In the article entitled 'How Blockchain Will Have an Impact on Navigation', published in the March/April 2018 issue of Hydro International, Gert Büttgenbach explains how the new blockchain technology could be potentially beneficial for the production and distribution of nautical charts. One of the conclusions of the article indicates that the new technological environment calls for reconsidering the ’exclusive domain of national Hydrographic Offices’ (HOs) and suggests that the private sector could in future produce ‘unofficial charts’ that would be superior to ’official’ charts produced by the HOs. But these views reflect a misunderstanding of the situation, according to Gilles Bessero.
I believe that encouraging the community to think about the impact of new technologies is always a good thing, especially in an environment that is often considered, whether rightly or wrongly, as rather conservative. The question as to which organisations should be entrusted with the production of nautical charts as a key enabler of safe navigation is the subject of recurrent debate.
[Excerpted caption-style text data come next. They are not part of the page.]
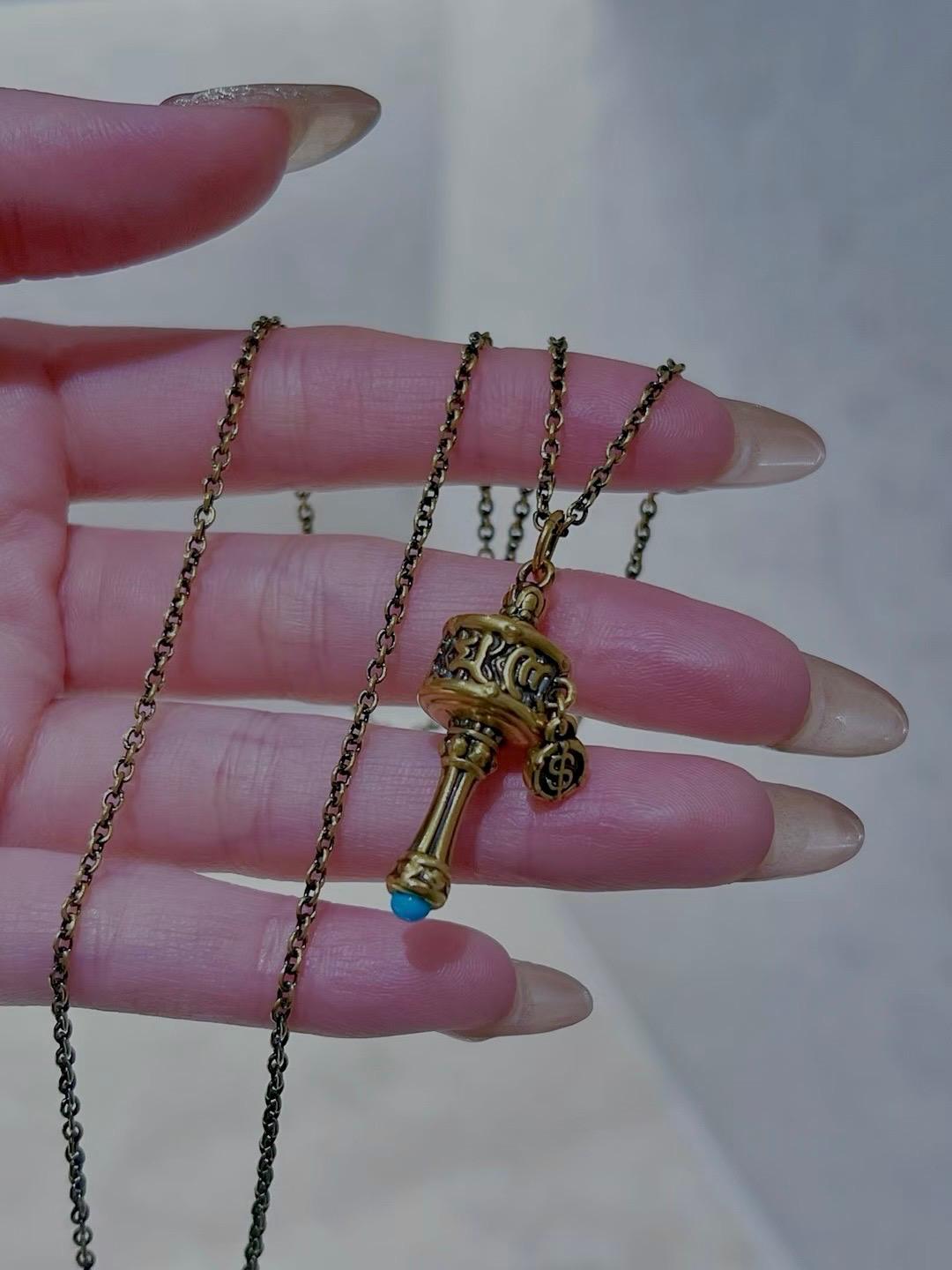Turquoise Prayer Wheel Black Gold Pendant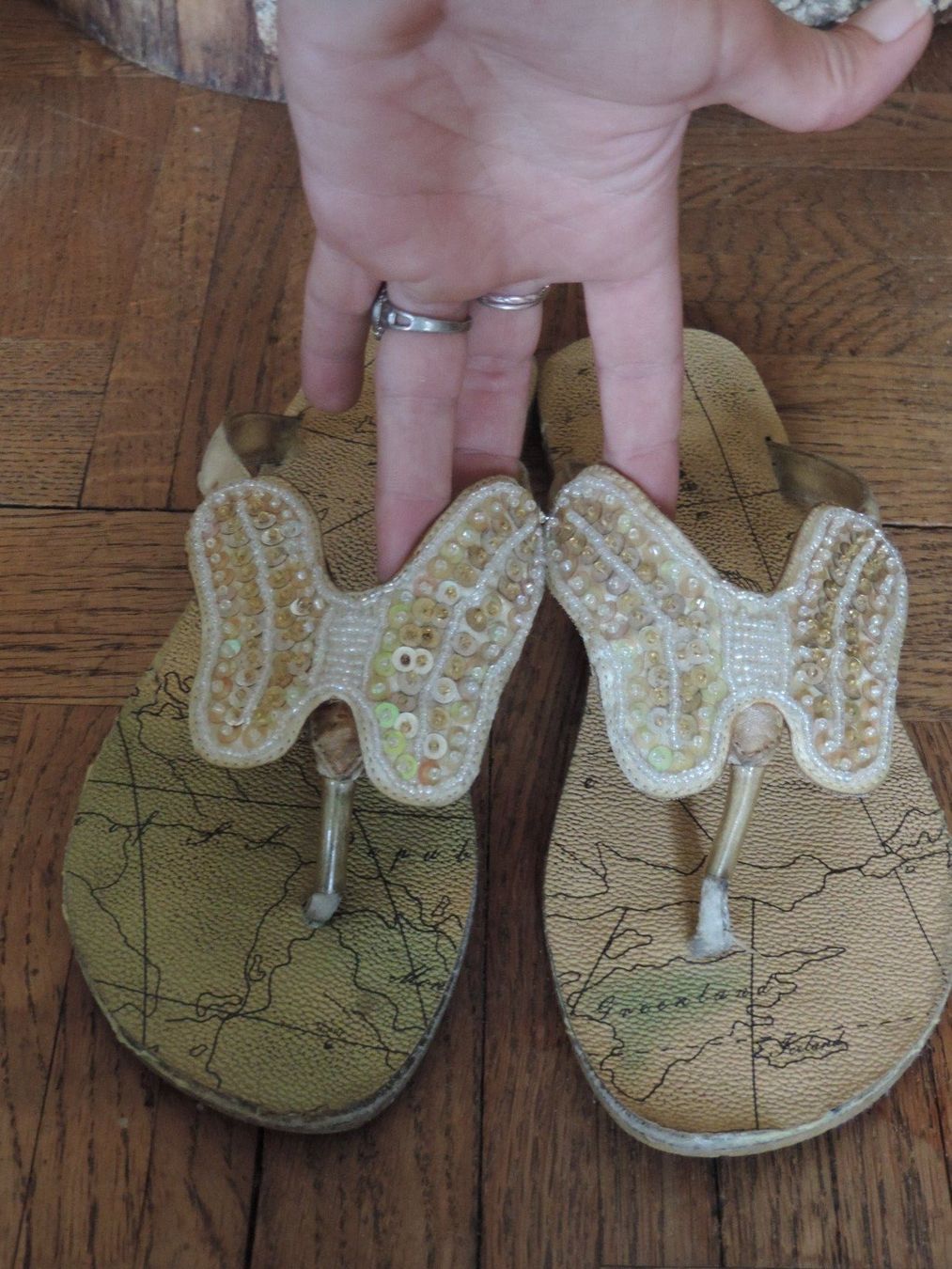 Damenschuhe: sandales Modiva perles nacrées – Gebraucht aus Genève von Axelle333 3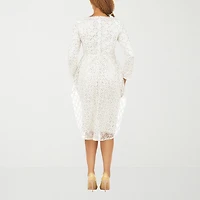 Giovanna Signature Womens Asymmetrical Neck Long Sleeve Diamond Sheath Dress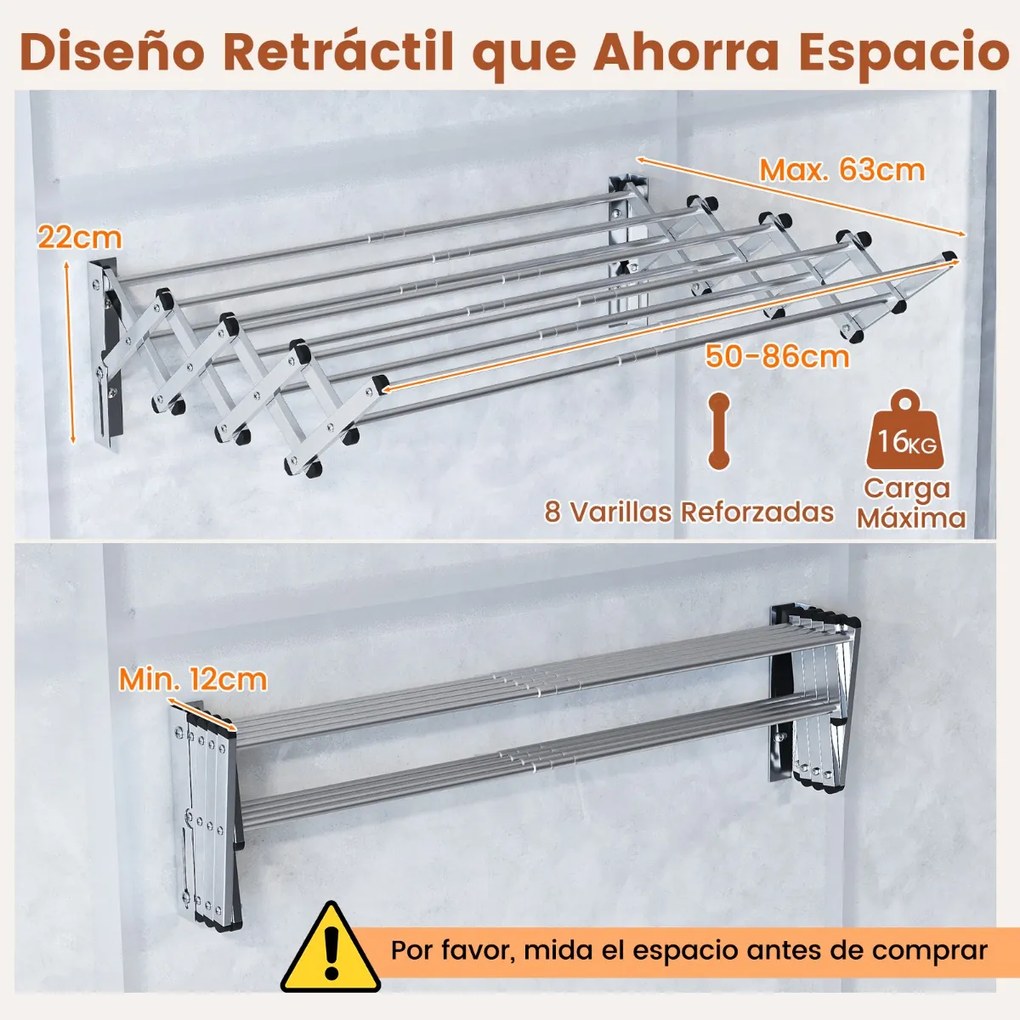 Estendal extensível de parede dobrável para roupa em aço inoxidável com 8 barras 63 x 86 x 22 cm prateado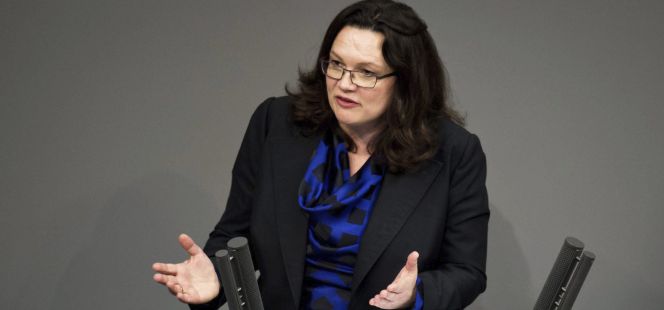 La ministra alemana de Trabajo y Asuntos Sociales, Andrea Nahles.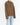 FW17 Quilted Mandarin Collar Brown Wool Shirt with Leather Patch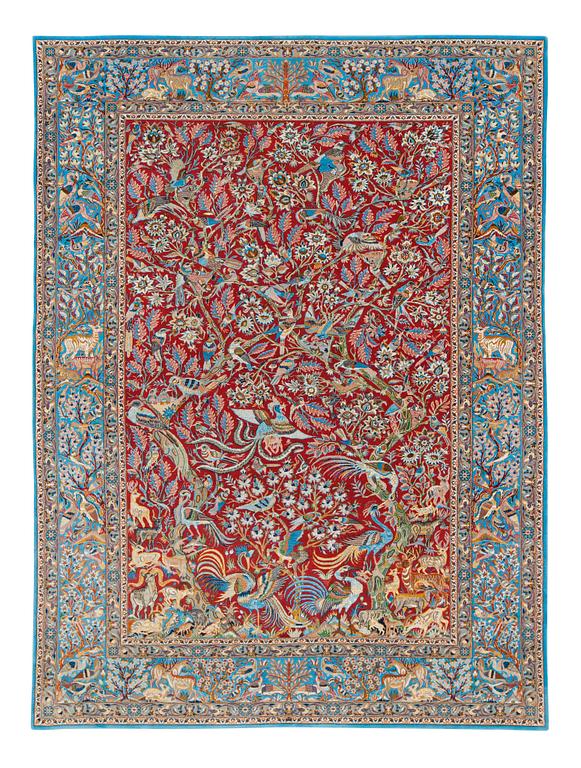 OLD ISFAHAN FIGURAL. 218 x 164 cm.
As a matter of fact, this was originally an activity run mostly by private chart-makers and chart information was considered a trade secret. France was the first country to establish a national Hydrographic Office in 1720. The rationale behind this initiative was that more warships were being lost at sea because of lack of access to charts than in combat. The benefit of assigning a dedicated public organisation to the task of collecting all available information, compiling it and making it available through ’official’ nautical charts was progressively recognised and all maritime nations followed the lead of France more or less rapidly. Some private chart-making continued into the 20th century but it was generally focused on the specific needs of the leisure market. The obligation for ships to carry adequate and up-to-date nautical charts and publications was introduced in the International Convention for the Safety of Life at Sea (SOLAS) of 1974 (regulation V/20) but the provisions related to the production of adequate nautical charts and publications were left at the discretion of the Contracting Governments.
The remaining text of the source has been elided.